**Required work**
Print every line of the material exactly.

Top of Supplied data

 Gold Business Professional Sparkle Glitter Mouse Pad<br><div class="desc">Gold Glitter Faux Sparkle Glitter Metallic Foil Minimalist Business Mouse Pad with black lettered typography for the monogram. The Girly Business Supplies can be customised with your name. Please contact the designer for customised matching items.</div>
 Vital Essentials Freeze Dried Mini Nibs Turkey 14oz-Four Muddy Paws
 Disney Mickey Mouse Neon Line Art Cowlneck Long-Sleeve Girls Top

Bottom of Supplied data

**Answer section**
 Gold Business Professional Sparkle Glitter Mouse Pad<br><div class="desc">Gold Glitter Faux Sparkle Glitter Metallic Foil Minimalist Business Mouse Pad with black lettered typography for the monogram. The Girly Business Supplies can be customised with your name. Please contact the designer for customised matching items.</div>
 Vital Essentials Freeze Dried Mini Nibs Turkey 14oz-Four Muddy Paws
 Disney Mickey Mouse Neon Line Art Cowlneck Long-Sleeve Girls Top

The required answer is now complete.